Better technology (this program, Photoshop, deepfakes, quantum prime factorization) may actually increase the need for in-person wet signatures.

Post-quantum digital signature algorithms based on lattices are starting to get secure, efficient and based on simple mathematical constructs.

IIRC, the basic construction is you generate a lattice trapdoor matrix R, such that A*(Rt + e) ~= t. Finding an input p with small coefficients, for some t such that Ap = t reduces to one of lattice reduction problems, since it requires a finding "good" basis for the lattice (if you invert A you'll have huge coefficients, so you can't forge it. Having the trapdoor R to make p = Rt + e lets you use the trapdoor to find the preimage, and the gaussian vector e smudges it so that an attacker can't collect signatures to decipher R (this is learning with errors, another problem that reduces to lattice basis.) So the signature is easy to verify, and the trapdoor matrix is relatively small and efficient to compute (iirc a couple megs and <1s)

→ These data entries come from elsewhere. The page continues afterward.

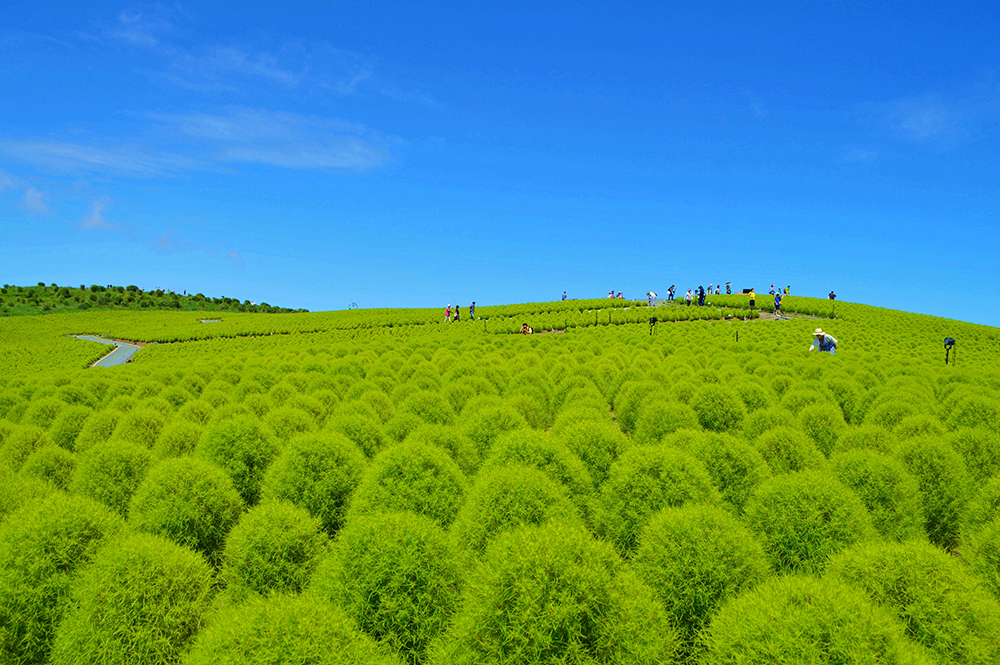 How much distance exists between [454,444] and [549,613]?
217 inches

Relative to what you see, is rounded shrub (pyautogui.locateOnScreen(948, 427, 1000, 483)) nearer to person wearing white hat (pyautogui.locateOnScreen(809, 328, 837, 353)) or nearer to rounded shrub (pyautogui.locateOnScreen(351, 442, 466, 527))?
rounded shrub (pyautogui.locateOnScreen(351, 442, 466, 527))

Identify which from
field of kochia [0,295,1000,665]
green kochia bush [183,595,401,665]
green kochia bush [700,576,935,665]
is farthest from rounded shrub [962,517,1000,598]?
green kochia bush [183,595,401,665]

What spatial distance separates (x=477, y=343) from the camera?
103 feet

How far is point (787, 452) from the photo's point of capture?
942cm

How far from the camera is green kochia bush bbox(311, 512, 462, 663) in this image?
527 cm

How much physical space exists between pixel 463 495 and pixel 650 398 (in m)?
7.30

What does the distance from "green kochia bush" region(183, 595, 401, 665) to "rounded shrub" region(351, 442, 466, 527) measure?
110 inches

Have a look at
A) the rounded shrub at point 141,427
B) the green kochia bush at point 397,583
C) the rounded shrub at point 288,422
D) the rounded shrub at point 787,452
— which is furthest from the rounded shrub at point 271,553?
the rounded shrub at point 787,452

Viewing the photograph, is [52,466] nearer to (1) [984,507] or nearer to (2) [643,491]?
(2) [643,491]

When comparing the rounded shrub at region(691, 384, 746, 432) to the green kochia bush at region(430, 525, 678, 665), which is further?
the rounded shrub at region(691, 384, 746, 432)

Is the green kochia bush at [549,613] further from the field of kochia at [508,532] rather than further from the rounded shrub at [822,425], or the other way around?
the rounded shrub at [822,425]

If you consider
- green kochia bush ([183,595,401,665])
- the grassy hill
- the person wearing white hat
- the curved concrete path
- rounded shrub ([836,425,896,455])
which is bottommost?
the curved concrete path

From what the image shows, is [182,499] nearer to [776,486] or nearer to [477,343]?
[776,486]

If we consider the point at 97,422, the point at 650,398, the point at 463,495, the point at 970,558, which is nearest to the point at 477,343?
the point at 650,398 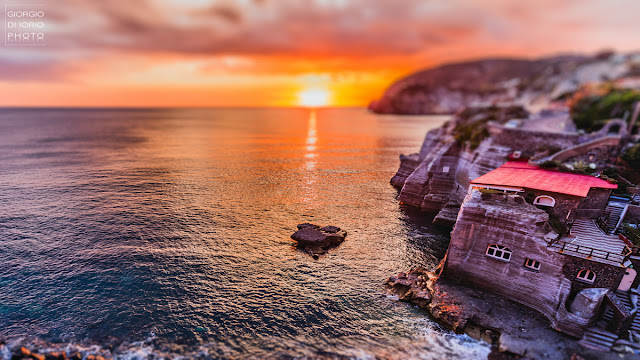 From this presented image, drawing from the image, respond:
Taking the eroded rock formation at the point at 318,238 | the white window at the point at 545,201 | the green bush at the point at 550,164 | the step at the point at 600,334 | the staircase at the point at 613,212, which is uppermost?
the green bush at the point at 550,164

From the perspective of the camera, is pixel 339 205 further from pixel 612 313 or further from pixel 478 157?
pixel 612 313

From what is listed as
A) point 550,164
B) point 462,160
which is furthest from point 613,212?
point 462,160

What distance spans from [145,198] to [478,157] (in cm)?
6557

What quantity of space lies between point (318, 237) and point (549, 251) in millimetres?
27142

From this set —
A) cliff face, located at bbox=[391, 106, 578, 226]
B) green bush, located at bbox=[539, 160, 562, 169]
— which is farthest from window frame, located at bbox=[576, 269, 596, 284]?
cliff face, located at bbox=[391, 106, 578, 226]

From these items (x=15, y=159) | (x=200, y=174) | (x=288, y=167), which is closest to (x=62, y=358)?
(x=200, y=174)

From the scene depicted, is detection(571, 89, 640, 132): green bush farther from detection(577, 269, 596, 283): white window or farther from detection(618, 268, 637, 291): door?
detection(577, 269, 596, 283): white window

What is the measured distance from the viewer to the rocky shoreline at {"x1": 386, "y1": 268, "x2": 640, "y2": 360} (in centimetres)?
2439

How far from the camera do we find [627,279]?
26.1 metres

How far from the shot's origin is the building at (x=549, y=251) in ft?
84.4

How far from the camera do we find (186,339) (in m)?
27.0

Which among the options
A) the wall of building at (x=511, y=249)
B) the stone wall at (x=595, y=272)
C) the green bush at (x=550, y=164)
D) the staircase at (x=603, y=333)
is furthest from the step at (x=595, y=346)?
the green bush at (x=550, y=164)

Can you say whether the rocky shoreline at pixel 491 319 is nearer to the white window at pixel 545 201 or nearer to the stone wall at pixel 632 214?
the white window at pixel 545 201

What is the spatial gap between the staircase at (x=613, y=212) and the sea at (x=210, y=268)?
18.7 meters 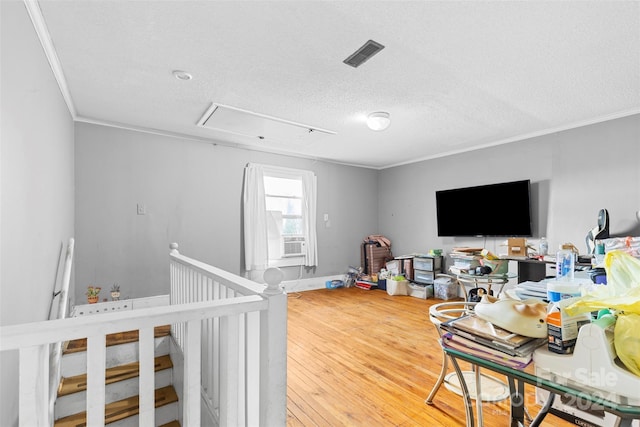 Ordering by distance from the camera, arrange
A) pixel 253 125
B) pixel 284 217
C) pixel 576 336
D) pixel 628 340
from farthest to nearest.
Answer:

Disclaimer: not a cryptographer, just a hobbyist.

Are there any widely analyzed implementations that I can use today? Got any links? I'm interested, but I don't think I'd understand without seeing code.

It's a pretty bleak landscape, code-wise. The PALISADE crypto library is an implementation of many of these primitives in C++, but it will be nearly impossible to understand it without reading the papers. I recommend "Trapdoors for Lattices: Simpler, Tighter, Smaller, Faster" [0] and the many papers that build on it. That paper was fairly accessible to a layperson like myself. if you're interested you could play around with it in Sympy or Mathematica.

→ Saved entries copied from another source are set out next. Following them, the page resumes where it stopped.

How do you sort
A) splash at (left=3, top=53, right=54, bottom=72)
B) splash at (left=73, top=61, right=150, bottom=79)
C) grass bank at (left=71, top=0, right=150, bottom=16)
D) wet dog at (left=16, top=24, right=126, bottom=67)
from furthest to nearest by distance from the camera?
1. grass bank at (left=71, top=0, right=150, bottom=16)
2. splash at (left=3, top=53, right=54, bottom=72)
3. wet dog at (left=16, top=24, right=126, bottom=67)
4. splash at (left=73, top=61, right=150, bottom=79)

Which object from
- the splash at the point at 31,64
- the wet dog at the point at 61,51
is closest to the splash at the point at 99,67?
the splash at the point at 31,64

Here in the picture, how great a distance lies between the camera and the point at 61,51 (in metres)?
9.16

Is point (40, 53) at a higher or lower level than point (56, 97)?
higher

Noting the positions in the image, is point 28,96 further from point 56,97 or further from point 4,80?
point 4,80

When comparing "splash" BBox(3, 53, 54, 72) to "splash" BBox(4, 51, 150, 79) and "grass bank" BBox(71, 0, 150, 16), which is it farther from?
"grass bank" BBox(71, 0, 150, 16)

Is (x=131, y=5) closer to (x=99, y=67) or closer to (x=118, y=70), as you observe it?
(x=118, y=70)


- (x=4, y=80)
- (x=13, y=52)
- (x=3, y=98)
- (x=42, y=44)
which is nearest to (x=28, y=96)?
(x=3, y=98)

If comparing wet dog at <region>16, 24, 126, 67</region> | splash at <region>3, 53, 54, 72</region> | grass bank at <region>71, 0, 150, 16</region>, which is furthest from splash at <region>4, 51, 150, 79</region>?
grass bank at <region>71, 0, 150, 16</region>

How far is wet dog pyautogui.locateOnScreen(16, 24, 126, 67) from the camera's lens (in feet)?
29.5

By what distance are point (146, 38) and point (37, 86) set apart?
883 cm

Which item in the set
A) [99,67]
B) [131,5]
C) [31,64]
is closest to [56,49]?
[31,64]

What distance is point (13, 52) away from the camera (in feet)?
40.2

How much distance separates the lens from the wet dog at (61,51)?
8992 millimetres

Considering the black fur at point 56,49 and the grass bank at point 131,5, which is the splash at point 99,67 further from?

0. https://eprint.iacr.org/2011/501

i think its possible to analyze signatures in various ways that are hard to replicate. but a copy is always just a copy. What i beleive the thing here is that there are court proven ways to analyze writing styles in signatures and some more forensic methods to analyze paper and pen.

as a side note: every time i get a new passport or id card i get told that my signature is not ok as it is (apparently not enough recognizable characters) but when confronted with the question how they would like me to change my signature as seen on all previous documents signed by me they shut up. I think its funny because it probably makes it even more unique.

Forging signature is crime, that's why signature has magical power.

It can be used to claim that I didn't sign it either.

Unless it's a master forger. I could look at the document and figure out that the signature wasn't mine.

That I can tell you in just one word ... tradition!

Questions about the reproducibility of signatures reminds me of this case https://en.wikipedia.org/wiki/Howland_will_forgery_trial in which Charles and Benjamin Pierce were brought in as expert witnesses. There's a good account in https://en.wikipedia.org/wiki/The_Metaphysical_Club:_A_Story....

It's not a false signature, this kind of thing is standard practice for digitally signing documents. DocuSign even allows you to insert a computer-generated signature that looks nothing like your "real" one. What matters is the audit trail.

This is legally binding the same way clicking the "Buy" button on Amazon is.

Yes yes that's all nice and good until the person you're signing the document for tell you "I don't care what someone on Hacker News thinks is good enough, I need this signed in ink".

I've encountered this before myself, and so have many other people, and we're all already aware of what you're saying.

Can I have your phone number, I need you to explain this to my HR department and to the HR department at my last job and of my roofing contractor and dozens of other people who demand wet ink signatures.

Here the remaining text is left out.